Both Gyro and Fin Stabilizers are a great way to reduce the rolling and pitching on a yacht. Having this technology onboard will make cruising and time at anchor more enjoyable, especially for those that are prone to motion sickness.
Image of a Seakeeper Gyro Stabilizer
What is a Gyro Stabilizer?
It is a computer controlled gyroscope, which is comprised of a flywheel that spins at speeds of up to 10,700RPM and is tilted fore and aft in a range of up to 140 degrees to counteract the wave motion imposed on a yacht. Modern Gyros have been in use in recreational yachts since about 2007.

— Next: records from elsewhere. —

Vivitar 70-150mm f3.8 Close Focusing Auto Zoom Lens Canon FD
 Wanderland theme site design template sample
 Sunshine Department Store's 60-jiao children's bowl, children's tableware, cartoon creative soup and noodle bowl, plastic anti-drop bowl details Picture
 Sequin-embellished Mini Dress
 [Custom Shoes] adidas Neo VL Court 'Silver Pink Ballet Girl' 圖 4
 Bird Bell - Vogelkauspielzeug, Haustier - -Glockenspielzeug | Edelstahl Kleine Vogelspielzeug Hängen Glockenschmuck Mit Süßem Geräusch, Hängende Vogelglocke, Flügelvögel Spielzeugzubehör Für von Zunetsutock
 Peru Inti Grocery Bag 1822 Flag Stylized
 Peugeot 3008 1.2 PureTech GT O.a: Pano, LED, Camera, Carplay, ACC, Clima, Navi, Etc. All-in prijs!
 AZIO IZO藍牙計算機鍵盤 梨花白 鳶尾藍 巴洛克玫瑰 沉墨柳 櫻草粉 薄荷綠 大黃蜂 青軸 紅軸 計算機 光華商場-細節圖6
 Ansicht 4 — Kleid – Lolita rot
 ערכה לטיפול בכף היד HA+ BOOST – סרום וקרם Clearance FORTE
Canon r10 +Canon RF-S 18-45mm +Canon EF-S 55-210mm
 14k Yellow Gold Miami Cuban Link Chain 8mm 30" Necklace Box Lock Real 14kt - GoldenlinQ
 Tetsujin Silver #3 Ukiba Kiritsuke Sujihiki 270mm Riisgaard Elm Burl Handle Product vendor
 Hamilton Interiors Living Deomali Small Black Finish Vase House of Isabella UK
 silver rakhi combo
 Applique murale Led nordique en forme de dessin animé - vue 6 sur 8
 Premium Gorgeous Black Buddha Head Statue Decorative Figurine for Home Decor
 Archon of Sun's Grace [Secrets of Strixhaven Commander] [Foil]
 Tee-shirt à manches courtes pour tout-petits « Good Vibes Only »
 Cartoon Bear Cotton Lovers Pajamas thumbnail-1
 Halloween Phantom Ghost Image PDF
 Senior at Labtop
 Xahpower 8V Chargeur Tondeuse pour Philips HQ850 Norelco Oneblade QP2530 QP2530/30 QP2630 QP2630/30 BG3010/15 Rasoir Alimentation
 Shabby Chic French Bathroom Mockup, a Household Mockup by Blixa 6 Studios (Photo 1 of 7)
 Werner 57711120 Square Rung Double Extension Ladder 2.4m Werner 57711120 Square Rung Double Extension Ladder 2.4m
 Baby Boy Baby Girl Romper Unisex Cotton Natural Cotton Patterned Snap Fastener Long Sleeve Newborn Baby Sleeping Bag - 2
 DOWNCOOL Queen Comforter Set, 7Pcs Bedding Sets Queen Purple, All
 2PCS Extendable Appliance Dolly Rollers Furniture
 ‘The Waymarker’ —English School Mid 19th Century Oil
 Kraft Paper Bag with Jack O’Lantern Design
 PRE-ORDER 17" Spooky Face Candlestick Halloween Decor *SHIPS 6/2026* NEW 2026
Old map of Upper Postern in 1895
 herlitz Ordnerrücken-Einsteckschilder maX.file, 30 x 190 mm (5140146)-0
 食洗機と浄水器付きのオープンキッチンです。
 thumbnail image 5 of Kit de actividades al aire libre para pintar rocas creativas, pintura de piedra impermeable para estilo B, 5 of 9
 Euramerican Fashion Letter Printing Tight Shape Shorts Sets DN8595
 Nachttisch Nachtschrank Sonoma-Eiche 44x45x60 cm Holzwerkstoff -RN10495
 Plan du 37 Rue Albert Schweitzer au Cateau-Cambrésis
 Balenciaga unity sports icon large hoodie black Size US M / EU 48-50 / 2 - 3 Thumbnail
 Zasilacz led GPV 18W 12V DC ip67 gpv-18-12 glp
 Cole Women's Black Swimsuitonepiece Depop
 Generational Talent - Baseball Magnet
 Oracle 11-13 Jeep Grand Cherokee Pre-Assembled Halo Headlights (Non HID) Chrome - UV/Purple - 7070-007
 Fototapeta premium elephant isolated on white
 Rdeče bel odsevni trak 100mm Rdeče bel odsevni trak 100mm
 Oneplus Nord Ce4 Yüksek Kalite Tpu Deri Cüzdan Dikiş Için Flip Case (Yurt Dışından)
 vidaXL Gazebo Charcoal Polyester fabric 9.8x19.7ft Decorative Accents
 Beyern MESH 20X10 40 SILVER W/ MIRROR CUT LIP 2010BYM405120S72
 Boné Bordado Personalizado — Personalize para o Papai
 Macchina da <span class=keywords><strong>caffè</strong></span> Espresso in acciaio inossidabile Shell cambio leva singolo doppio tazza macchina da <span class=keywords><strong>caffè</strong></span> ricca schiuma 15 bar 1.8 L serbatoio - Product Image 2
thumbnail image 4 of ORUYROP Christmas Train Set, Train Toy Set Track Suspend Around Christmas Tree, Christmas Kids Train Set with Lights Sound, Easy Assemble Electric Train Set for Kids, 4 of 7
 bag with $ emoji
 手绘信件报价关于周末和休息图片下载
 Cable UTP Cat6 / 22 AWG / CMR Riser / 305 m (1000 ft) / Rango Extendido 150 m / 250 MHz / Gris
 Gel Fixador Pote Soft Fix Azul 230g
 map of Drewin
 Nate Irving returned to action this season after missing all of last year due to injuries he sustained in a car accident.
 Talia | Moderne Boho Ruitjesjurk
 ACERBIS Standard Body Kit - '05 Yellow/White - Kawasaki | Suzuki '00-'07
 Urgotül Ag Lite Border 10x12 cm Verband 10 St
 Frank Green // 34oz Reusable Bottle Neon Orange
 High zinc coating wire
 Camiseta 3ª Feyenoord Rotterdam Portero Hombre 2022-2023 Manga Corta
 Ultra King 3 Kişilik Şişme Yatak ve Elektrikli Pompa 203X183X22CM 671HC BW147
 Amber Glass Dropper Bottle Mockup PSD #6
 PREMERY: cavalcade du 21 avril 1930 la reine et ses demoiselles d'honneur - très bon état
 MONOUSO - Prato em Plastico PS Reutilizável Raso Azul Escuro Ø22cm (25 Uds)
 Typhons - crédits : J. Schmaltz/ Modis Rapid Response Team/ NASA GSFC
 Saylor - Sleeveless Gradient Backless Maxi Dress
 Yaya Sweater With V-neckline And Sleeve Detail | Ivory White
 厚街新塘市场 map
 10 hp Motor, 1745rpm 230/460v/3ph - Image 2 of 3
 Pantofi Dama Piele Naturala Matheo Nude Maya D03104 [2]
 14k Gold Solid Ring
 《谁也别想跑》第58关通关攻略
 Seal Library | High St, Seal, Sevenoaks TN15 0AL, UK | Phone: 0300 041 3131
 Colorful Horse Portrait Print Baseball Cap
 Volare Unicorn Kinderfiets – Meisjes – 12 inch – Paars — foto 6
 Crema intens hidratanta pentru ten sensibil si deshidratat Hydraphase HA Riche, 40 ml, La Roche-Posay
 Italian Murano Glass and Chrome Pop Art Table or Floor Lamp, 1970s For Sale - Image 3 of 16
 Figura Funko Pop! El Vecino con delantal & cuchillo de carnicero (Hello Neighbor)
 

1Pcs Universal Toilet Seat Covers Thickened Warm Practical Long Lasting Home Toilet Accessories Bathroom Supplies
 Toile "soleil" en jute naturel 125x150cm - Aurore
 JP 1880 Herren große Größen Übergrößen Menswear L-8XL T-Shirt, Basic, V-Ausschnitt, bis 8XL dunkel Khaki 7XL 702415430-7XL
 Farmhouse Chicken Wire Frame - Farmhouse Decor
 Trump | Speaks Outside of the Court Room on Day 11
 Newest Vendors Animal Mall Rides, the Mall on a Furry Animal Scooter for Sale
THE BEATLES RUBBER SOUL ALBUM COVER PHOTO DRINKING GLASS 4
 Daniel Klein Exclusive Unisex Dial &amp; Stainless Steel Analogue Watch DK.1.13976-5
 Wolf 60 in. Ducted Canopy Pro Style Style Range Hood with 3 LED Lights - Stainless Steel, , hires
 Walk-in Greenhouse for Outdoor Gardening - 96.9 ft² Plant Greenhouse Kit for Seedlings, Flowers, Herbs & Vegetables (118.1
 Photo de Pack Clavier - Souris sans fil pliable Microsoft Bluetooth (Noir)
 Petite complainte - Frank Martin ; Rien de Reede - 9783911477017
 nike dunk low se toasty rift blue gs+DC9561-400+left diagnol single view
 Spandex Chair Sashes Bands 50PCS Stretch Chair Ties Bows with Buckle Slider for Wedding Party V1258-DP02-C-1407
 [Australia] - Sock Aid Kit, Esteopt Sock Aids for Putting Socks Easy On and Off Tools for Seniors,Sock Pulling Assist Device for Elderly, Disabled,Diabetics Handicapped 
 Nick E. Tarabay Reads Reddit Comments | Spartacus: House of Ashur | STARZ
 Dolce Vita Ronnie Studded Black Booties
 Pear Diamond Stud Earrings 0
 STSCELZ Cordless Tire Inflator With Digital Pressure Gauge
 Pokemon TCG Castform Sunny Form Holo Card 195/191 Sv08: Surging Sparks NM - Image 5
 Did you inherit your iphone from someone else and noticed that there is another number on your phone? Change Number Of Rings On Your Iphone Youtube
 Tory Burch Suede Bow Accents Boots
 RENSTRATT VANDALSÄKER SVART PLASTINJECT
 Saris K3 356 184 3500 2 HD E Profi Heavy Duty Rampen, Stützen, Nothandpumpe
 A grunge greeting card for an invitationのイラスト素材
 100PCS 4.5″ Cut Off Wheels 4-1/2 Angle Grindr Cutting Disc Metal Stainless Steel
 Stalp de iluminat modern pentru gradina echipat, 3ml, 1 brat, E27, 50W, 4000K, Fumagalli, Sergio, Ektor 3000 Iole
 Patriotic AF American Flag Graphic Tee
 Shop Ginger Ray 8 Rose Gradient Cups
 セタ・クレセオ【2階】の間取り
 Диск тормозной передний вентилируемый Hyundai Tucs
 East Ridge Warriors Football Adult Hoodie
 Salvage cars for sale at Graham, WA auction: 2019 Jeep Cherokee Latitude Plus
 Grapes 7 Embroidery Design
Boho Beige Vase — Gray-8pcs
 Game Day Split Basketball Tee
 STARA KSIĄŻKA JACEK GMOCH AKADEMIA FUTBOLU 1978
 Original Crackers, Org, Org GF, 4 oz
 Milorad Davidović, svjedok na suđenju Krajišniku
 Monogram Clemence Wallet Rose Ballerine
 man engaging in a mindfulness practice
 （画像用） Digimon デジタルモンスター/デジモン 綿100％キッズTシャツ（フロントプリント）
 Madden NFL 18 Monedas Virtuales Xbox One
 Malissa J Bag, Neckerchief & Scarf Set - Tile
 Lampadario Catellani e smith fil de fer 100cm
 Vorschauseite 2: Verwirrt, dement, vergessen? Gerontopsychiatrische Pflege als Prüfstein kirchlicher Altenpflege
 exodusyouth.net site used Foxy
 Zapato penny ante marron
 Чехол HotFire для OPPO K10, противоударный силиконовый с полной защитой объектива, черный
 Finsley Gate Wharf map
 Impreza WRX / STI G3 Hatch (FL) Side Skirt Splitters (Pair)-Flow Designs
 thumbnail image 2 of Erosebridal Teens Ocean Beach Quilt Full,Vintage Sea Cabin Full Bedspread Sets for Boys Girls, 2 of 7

This video of a Seakeeper Gyro Explains it perfectly:
Benefits of a Gyro Stabilizer:
- Greatly reduces pitch and roll
- Applications from 30′ to over 100′
- Works while at anchor, at the dock, or cruising up to speeds where needed to counteract roll
- No external appendages means less drag while still having stabilization
- Comes in many different sizes and will work in multiple configurations depending on a yacht’s layout, from one large unit to multiple smaller ones
- Does not require much power, from 3kw in startup mode, to 1-2kw when operating
Considerations and Drawbacks of a Gyro Stabilizer:
- The Gyros can take 30-45 minutes to warm up to operating speed
- They take up a considerable amount of space inside your yacht. Some yachts are better laid out for them and others are a real challenge to find the space.
- Gyros need to be mounted to the stringers of the yacht as they enact a large amount of force and stress. If not mounted properly in the right area it can cause considerable damage.
- If included in a new construction yacht, the manufacturer will know how to install properly. If added at a later date, additional stringer reinforcement may be necessary.
- It is a very advanced system and not cheap…before deciding if it is absolutely necessary consider the cost. For example in a 60ft yacht, a rig of 2 smaller gyros could cost up to $250,000.
Seakeeper Gyro Installation in a 77 Hatteras Convertible
What are Fin Stabilizers?
They are fins mounted beneath the waterline of a yacht that emerge laterally at a downward angle. The fins are computer controlled and have the ability to change their angle via a hydraulic system to counteract roll caused by waves or wind.
Modern stabilizer fins have been in recreational yachts since the 1990’s. Since their introduction, they have become smaller and more effective in countering roll forces as new technology has emerged. In the last couple years there have been some large advancements in fin technology, enabling them to be effective even when a yacht is at a standstill, just like a Gyro stabilizer. In addition to the “Zero Speed Stabilization”, fins are also available that will fold up close to the hull to reduce drag, or even retract to reduce surface area…both designs resulting in less loss of speed caused by fin drag. With traditional stabilizer fins you can expect to lose a knot or 2 of speed due to drag, which is why more performance oriented yachts had opted for a gyro stabilizer before those new reduced drag fins became available.
The below video illustrates how a stabilizer fin works (this illustration happens to be for the Zero Speed Stabilizers that also work while the yacht is at a standstill):
Benefits of Fin Stabilizers:
- Greatly reduces pitch and roll
- Applications on yachts from 50 feet to Gigayachts 300ft+
- Depending on the type of fin stabilizer system it will at least work while underway, but newer systems also work while anchored or at rest.
- They take up a very minimal amount of interior yacht space
- Newer fin systems are optimized to reduce drag to maintain a yacht’s performance
- Typically cost less than Gyros and require less maintenance
- No warm up time is required, they can be turned on and off at the flick of a switch
- Should the fins get hit with debris, they are made to break away before the integrity of the hull is compromised
Considerations and Drawbacks of Fin Stabilizers:
- Due to the increased drag from the fins underwater, a yacht will lose a knot or 2 of speed with stabilizer fins added
- With the exterior fin appendages, they can be exposed to floating debris that would potentially cause them damage
- If installed on a new construction yacht, a manufacturer will know to reinforce the area where the fins will be attached, if added later, extra reinforcement will be necessary in the hull area surrounding the fin
Stabilizer Fin on a Yacht that is Hauled out of the Water
In Summary, both the Gyro Stabilizers and Fin Stabilizers are viable options to keep your yacht stable and your guests feeling comfortable. Depending on the type of yacht you own, its layout and its intended use, one of them should come out as the better option. For installation on a new construction yacht, consulting with the manufacturer’s engineers will make the decision more clear. For a retrofit, I would recommend consulting an experienced yacht engineer to make sure the right decision is made.
The direct benefit of the stabilization systems is clear, but also from a yacht broker’s perspective it will result in increased value and desirability come re-sale time.